> _Available data_
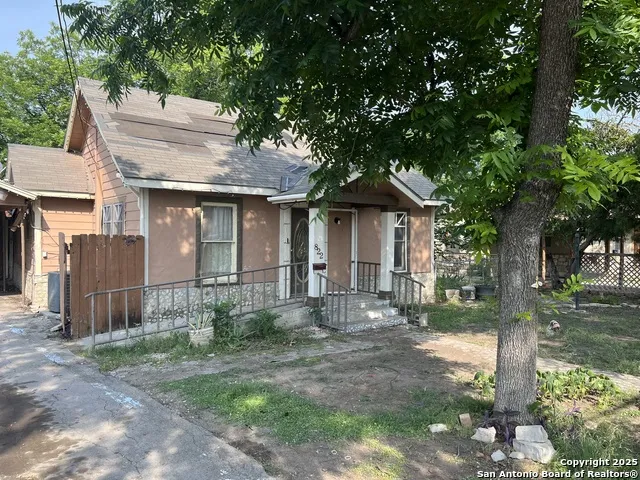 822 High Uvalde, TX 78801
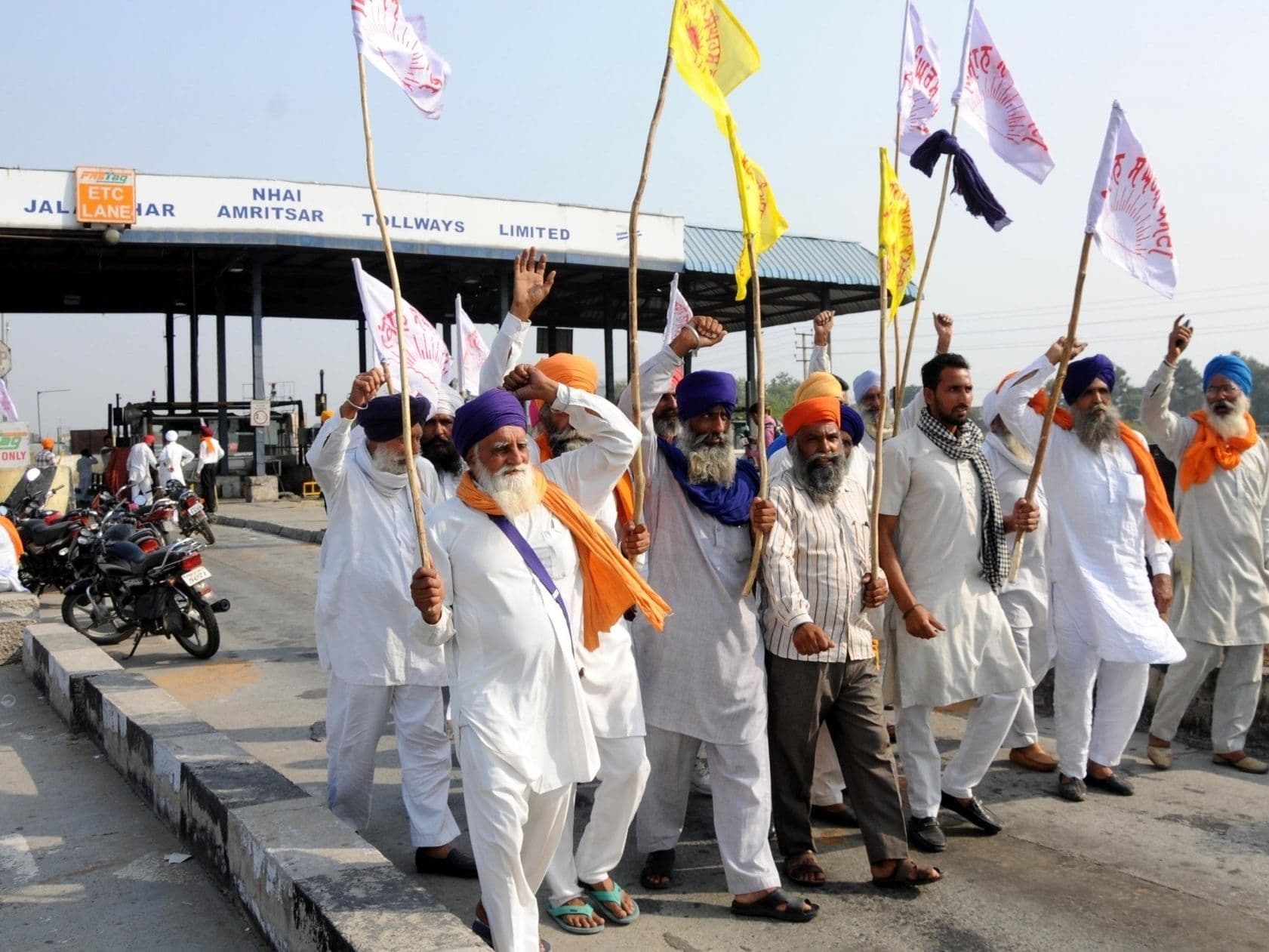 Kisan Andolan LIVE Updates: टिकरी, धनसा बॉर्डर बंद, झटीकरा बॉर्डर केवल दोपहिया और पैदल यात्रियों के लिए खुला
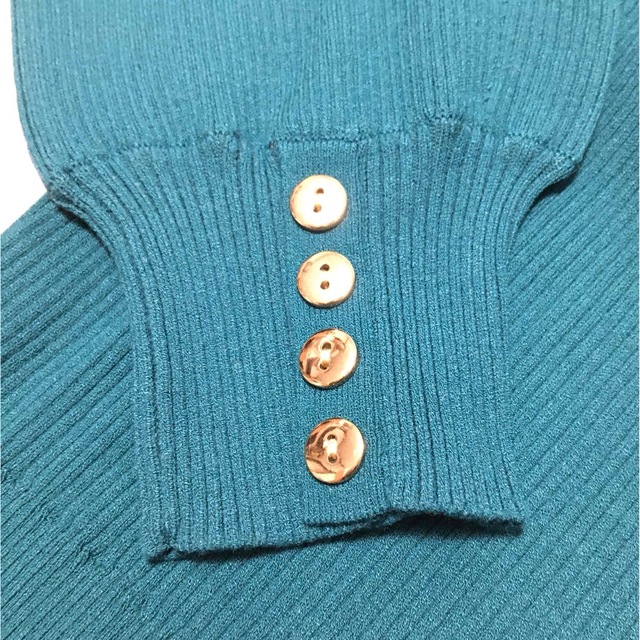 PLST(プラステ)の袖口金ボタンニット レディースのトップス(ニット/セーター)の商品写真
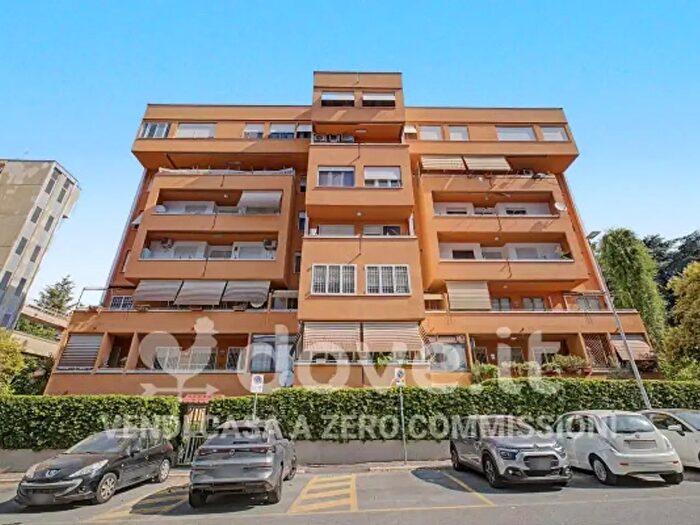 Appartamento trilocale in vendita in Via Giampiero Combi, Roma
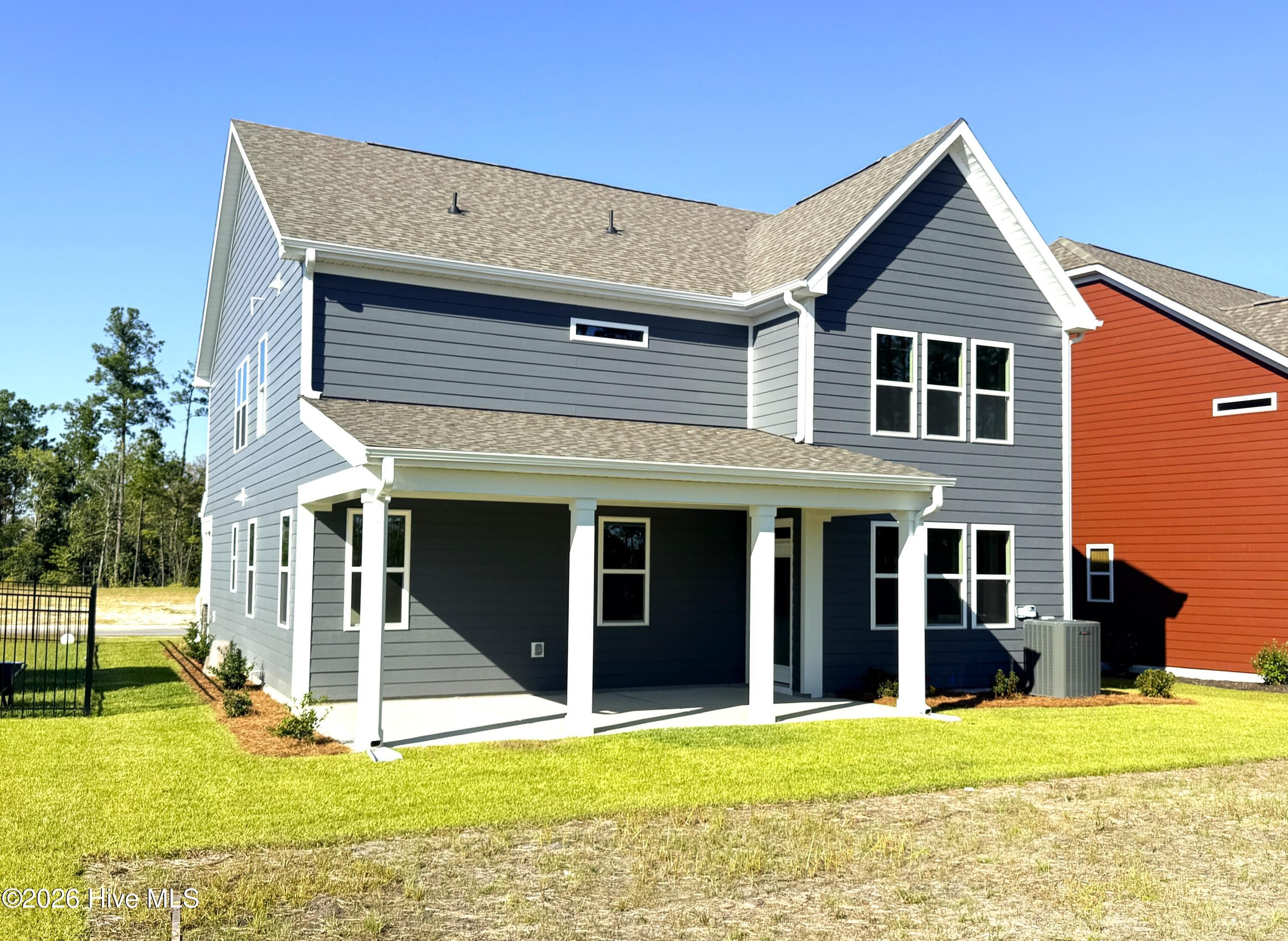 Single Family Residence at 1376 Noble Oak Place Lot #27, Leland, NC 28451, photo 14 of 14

...

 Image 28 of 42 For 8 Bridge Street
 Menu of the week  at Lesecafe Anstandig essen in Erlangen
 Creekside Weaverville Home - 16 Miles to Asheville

> _Task_
Word for word, restate the lines above from the line containing "Image 28 of 42 For 8 Bridge Street" through the line containing "Creekside Weaverville Home", with both included and nothing else.

> _Solution to this exercise_
 Image 28 of 42 For 8 Bridge Street
 Menu of the week  at Lesecafe Anstandig essen in Erlangen
 Creekside Weaverville Home - 16 Miles to Asheville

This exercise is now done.